Operation Epic Fury Enters Week Two as the Conflict Explodes Across Multiple Fronts
As Operation Epic Fury enters its second week, the US-Israeli war against Iran has metastasized into something far larger and more dangerous than anyone predicted nine days ago. Israeli tanks are rolling into Lebanon. A school strike has killed 168 people — most of them children. Trump is refusing to rule out ground troops in Iran. And China is watching nervously as the conflict threatens to reshape the entire global order.
Here’s everything you need to know about what’s happening right now.
Israel Opens a Second Front: Ground Forces Push Into Lebanon
Israeli ground forces have begun pushing into southern Lebanon in what military officials describe as a “defensive operation” to protect northern Israeli communities.

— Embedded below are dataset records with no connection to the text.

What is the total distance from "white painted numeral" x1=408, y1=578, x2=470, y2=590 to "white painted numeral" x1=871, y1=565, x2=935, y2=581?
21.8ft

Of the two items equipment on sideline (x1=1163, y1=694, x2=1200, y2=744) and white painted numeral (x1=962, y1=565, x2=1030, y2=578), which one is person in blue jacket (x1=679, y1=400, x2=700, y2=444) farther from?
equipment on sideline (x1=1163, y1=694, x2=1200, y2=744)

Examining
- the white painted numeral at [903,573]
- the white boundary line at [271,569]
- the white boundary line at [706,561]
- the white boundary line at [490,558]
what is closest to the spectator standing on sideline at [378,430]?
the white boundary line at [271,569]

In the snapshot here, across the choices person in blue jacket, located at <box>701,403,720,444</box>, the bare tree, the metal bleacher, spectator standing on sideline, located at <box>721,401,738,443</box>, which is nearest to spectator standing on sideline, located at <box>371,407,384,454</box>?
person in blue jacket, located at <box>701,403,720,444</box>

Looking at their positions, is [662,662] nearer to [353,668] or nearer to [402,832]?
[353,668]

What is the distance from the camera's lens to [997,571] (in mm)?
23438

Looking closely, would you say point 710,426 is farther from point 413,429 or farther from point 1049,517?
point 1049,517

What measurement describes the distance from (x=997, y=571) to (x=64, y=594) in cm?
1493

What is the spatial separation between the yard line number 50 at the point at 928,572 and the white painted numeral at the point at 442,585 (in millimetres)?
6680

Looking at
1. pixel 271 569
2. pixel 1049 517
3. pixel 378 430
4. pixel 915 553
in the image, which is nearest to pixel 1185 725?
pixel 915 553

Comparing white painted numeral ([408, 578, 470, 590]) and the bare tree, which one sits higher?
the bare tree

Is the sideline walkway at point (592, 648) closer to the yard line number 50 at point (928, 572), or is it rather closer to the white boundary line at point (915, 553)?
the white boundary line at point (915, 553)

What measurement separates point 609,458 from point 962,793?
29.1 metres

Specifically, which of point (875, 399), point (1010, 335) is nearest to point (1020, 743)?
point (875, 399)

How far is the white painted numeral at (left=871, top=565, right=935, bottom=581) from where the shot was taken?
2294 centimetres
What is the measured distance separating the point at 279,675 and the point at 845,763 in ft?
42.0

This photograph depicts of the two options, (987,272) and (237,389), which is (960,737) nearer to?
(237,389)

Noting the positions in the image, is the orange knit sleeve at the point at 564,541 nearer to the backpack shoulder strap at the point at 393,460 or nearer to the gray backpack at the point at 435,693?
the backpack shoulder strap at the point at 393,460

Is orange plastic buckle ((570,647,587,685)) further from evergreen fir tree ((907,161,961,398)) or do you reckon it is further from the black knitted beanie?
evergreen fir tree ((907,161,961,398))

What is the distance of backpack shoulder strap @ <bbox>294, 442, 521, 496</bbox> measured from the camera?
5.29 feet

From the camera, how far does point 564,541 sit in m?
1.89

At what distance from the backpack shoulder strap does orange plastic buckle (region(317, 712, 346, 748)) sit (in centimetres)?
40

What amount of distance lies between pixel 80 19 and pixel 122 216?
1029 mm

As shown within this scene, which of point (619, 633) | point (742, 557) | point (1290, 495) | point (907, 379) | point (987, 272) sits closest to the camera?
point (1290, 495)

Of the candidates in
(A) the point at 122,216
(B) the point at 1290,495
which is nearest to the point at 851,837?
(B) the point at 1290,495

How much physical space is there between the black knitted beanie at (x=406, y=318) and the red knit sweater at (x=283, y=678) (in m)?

But the reality on the ground tells a different story.
BBC correspondents at the Israel-Lebanon border reported seeing dozens of tanks and armored bulldozers newly positioned right along the fence line on Friday morning. The Israel Defense Forces (IDF) have issued a massive evacuation order reaching roughly 27 kilometers (16 miles) into Lebanese territory — far deeper than any defensive buffer zone would require.
IDF Chief of Staff Eyal Zamir has stated the objective in Lebanon is the complete disarmament of Hezbollah, and that he “will not let up until that is done.”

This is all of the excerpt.